“So,” Roland said last March, strategically from Stuttgart, “how do you fancy living in India for a year?”
“No,” I said, peering through the gloom of a wet car-park in Melton Mowbray. “No. Absolutely not, not ever, no. Never.”
***
Our apartment in Mumbai is on the thirty-third floor of a charming if dusty block called Verona, from where we can enjoy the sights and sounds, if not the smells, of the city below. We moved in this afternoon.
Our driver is called Jamil. He comes with the Innova, which he drives as if it were a part of him, squeezing into gaps where I would hesitate to park a domestic stapler. He has beautiful eyes, a boyish smile, and about four words of English. That is four more than my Hindi – bravo, Jamil - but the situation is not promising.
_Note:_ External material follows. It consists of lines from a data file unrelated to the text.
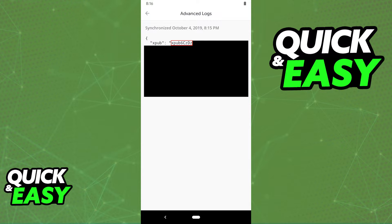With this key, you can go to CoinTracker, log into your account, and add a new wallet, and your account will be synchronized to CoinTracker.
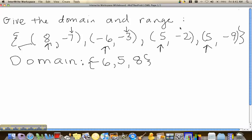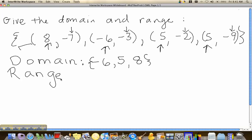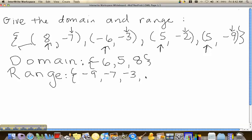Therefore we see that the second coordinates consist of the following. The range, or the set of all numbers that are the second coordinates, includes: negative 9, negative 7, negative 3, and negative 2.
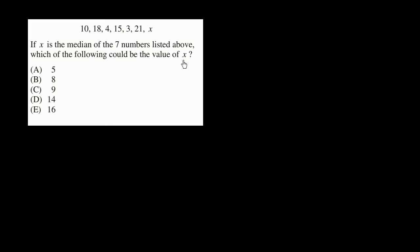If x is the median of the seven numbers listed above, which of the following could be the value of x?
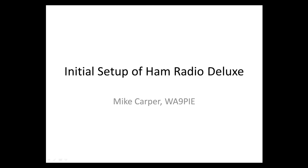Hi, I'm Mike Carper, WA9PIE, and I'm going to walk through the initial setup of Ham Radio Deluxe in this video.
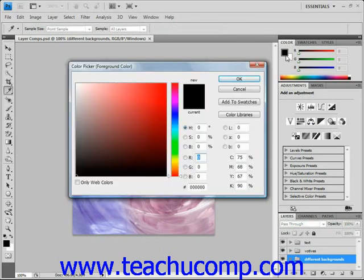You can select a color visually using the color field and color slider in this dialog box, or you can type the numeric values for each color component into the text boxes provided if you happen to know them.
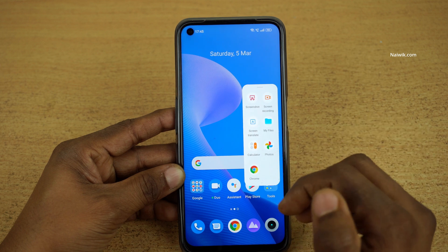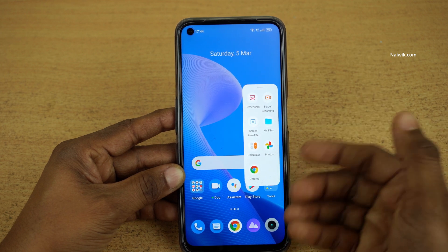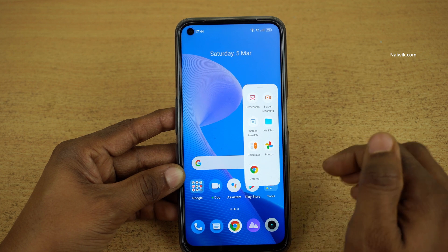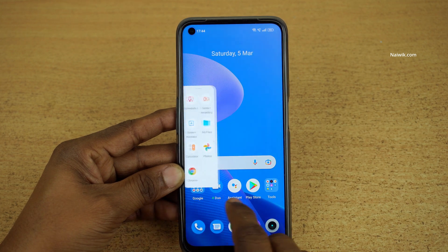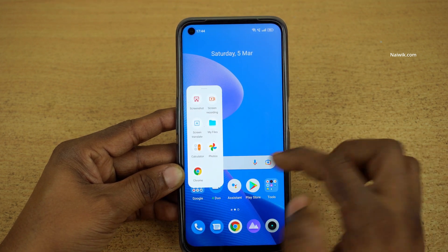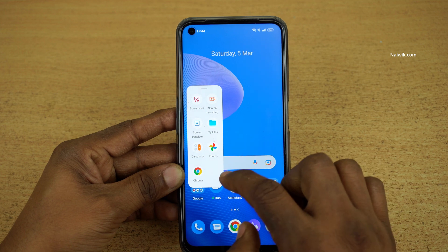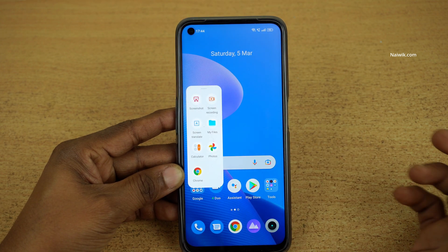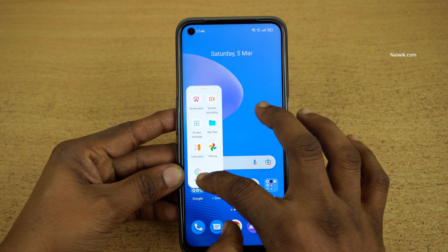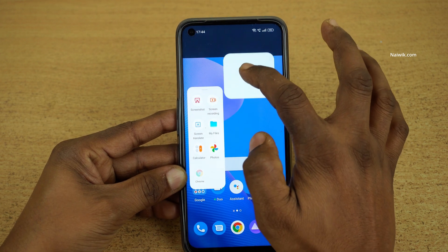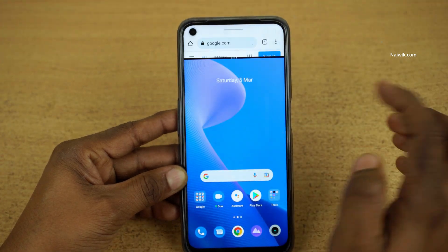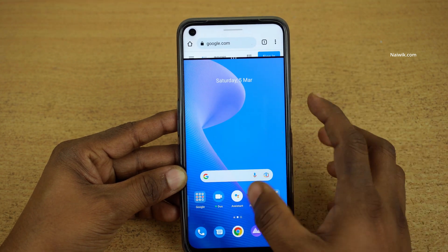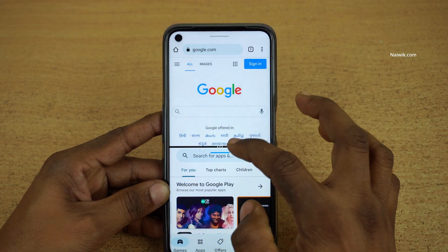If you open any app, it will show you a lot of functions related to that particular app. One more good thing about this Smart Sidebar is that if you have any app of your choice under Smart Sidebar, you can enter into split screen immediately. Here you can see that I am opening Chrome and I can enter it in split screen mode.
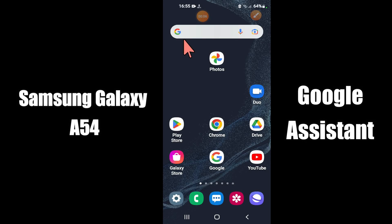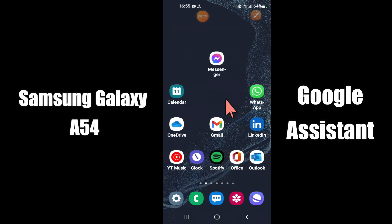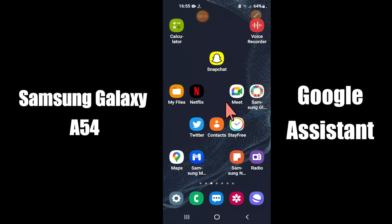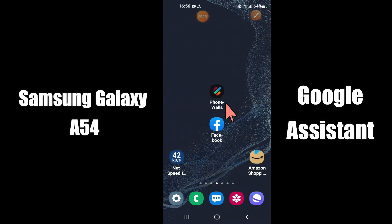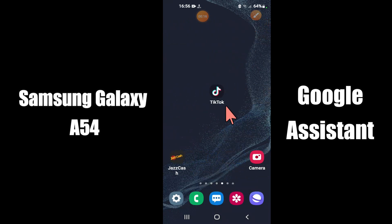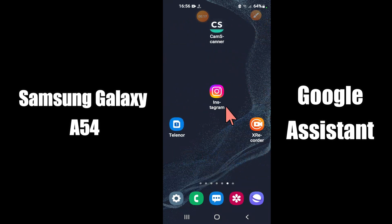Hi everyone, today in this video I'm going to show you how you can manage Google Assistant settings in your device, Samsung Galaxy A54 5G. In this device, I'll show you how you can disable Google Assistant.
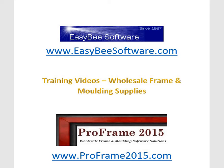Okay, welcome to ProFrame 2015 training videos. In this video we're going to look at part two of order entry. We're going to confirm a work order. So let's get started.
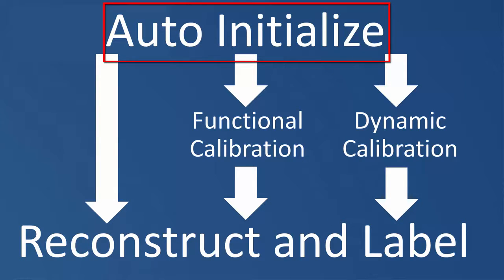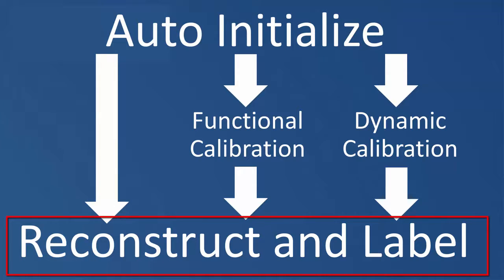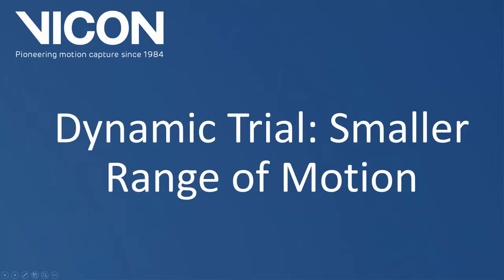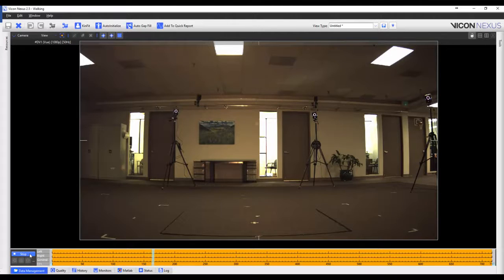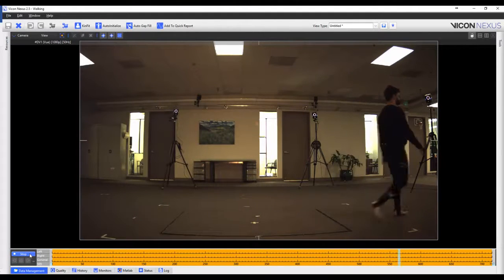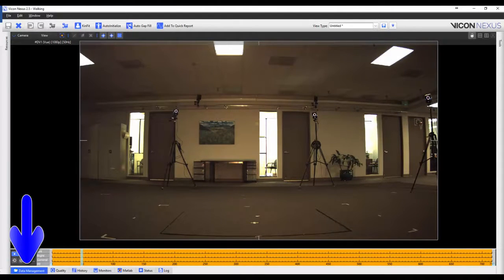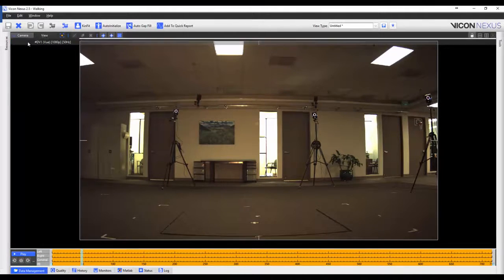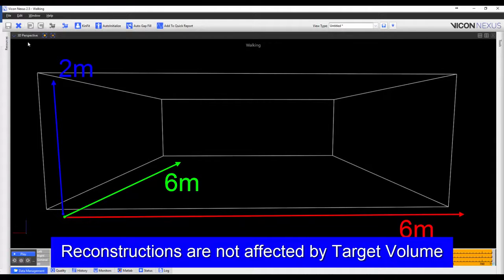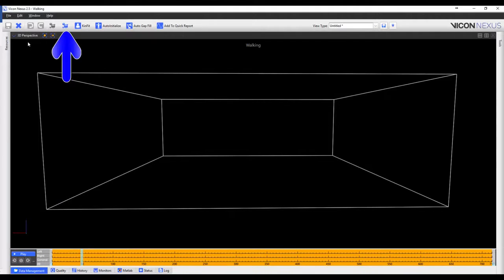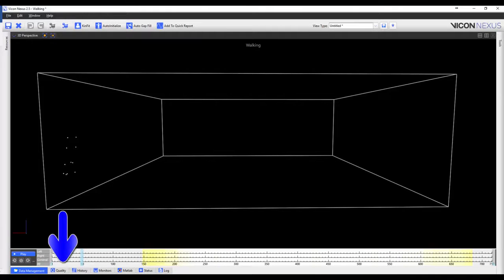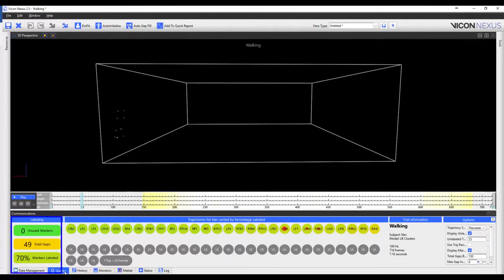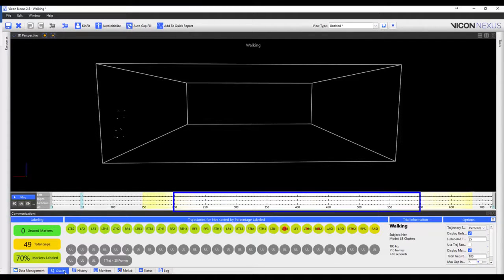I'm now going to use the static calibration that we performed in the previous step to reconstruct and label a dynamic trial with a small range of motion. I have captured a trial where my subject is walking across the volume. I've already loaded the trial from my data management. When I change to the 3D perspective view, you can see that I have created a 6 by 6 by 2 meter cube to show the target volume. When I run the reconstruct and label pipeline and check the quality tab, we can see that we have 49 gaps and 70% of the markers are labeled. We can see in the heat map and when we play through the trial that the subject only enters the capture volume after approximately frame 200 and leaves the volume again around frame 600.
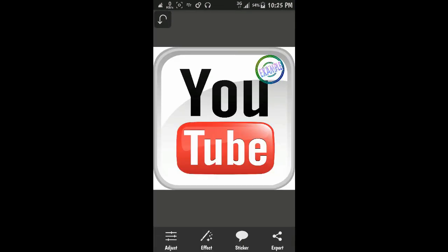Thank you for watching. Don't forget to click like and subscribe to my channel. See you in my next videos.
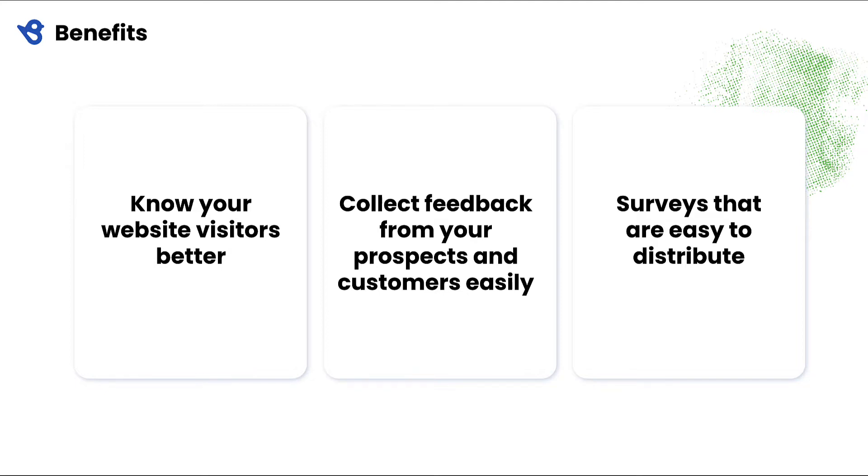You can distribute your surveys not just through traditional methods like email and text, but you can cast a much wider net by putting it in front of all your website visitors. Make it super easy for all your prospects and returning customers to share feedback with you.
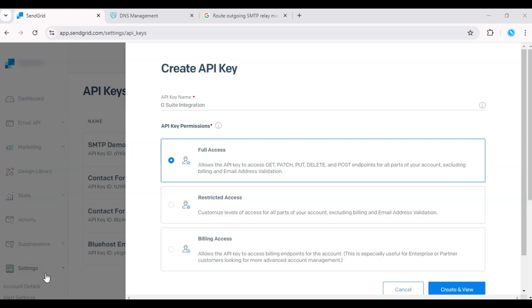Hello everyone. Today I'm going to show you how to set up SendGrid with G Suite, so you can send emails via SendGrid while using your Gmail interface.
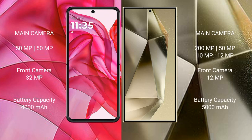Motorola RAZR 50 Ultra features a dual rear camera setup: 50MP and 50MP, with a 32MP front camera. Samsung Galaxy S24 Ultra features a quad rear camera setup: 200MP, 10MP, 50MP, and 12MP, with a 12MP front camera. Motorola RAZR 50 Ultra has a 4000mAh battery with 45W fast charging support.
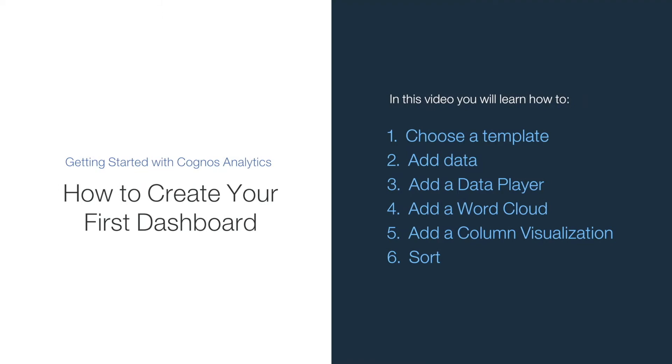Welcome to our video on how to create your first dashboard, where you will learn to choose a template and add data, then add a data player, a word cloud, and a column visualization to the dashboard, and even do a little sorting.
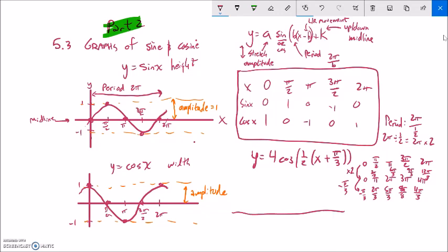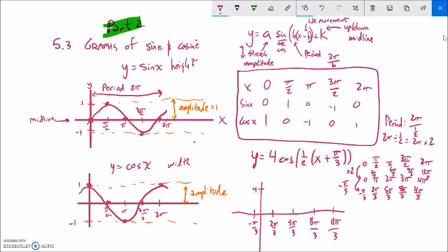So my x values are -π/3, 2π/3, 5π/3, 8π/3, 11π/3. I'll place these on the axis — 0 falls between -π/3 and 2π/3, roughly there. The amplitude is 4, so it goes up to 4 and down to -4. Cosine starts at the max, comes down to the middle, down to the minimum, then back up. Notice 0 doesn't happen to be one of my critical points here. And there's the sketch.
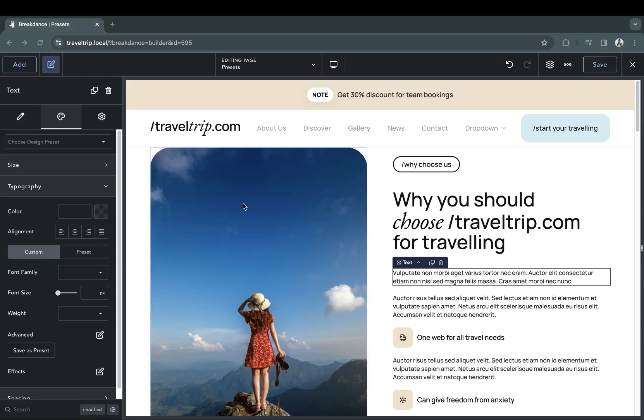Hey, this is Kevin from Breakdance. In this video, we're going to go over how to use presets in your designs within Breakdance. Presets allow you to create and edit designs that can be applied to multiple elements across your entire website.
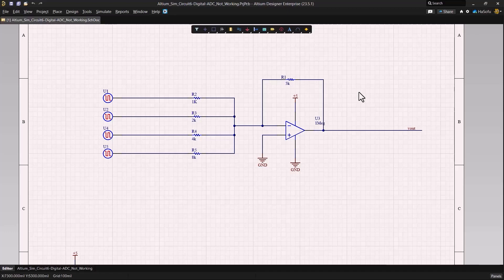Hello, in this video I'm going to show you how to run a mixed analog and digital design simulation in Altium Designer. So let's get started.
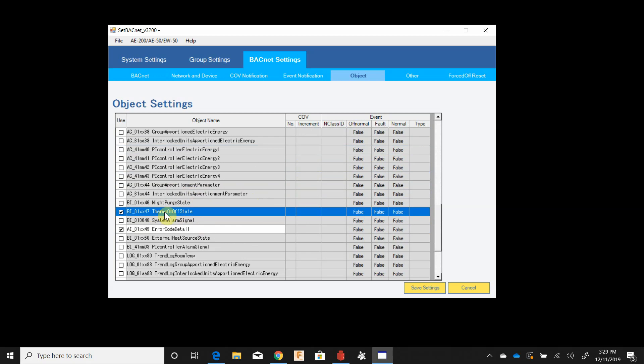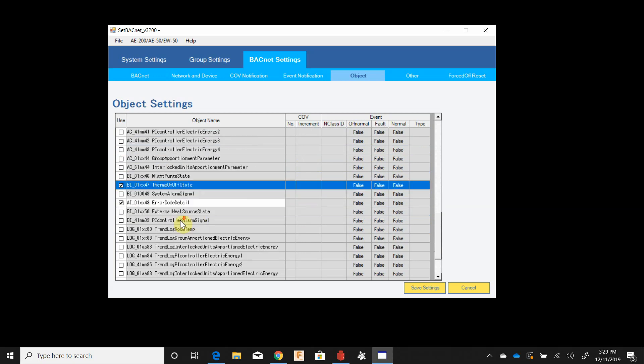Thermal on off state I would always check this one. This tells you whether or not the fan coil is actively heating or cooling. Doesn't tell you which mode it's in, doesn't tell you what it's trying to get, but it will tell you if it's actively calling or not.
Mr Francis from Housekeeping comes to do the welcome spring-clean (sadly post not pre our arrival), and offers to cook dinner. We come home from the mall three hours later, eagerly sniffing the air for some fragrant clue. All we can smell is Lemon Cif. The marble floor is clean enough to eat off, but there is nothing to eat off it. “No food!” says Mr Francis, beaming. We haven’t eaten since breakfast with Jet Airways, and are now beginning to look on Lemon Cif with some favour. Apparently the arrangement - clear to Mr Francis but not to us - is that we buy the food, he cooks it. Tomorrow, we will have our gastronomic introduction to the City of Dreams. Tonight, we dine on baked beans.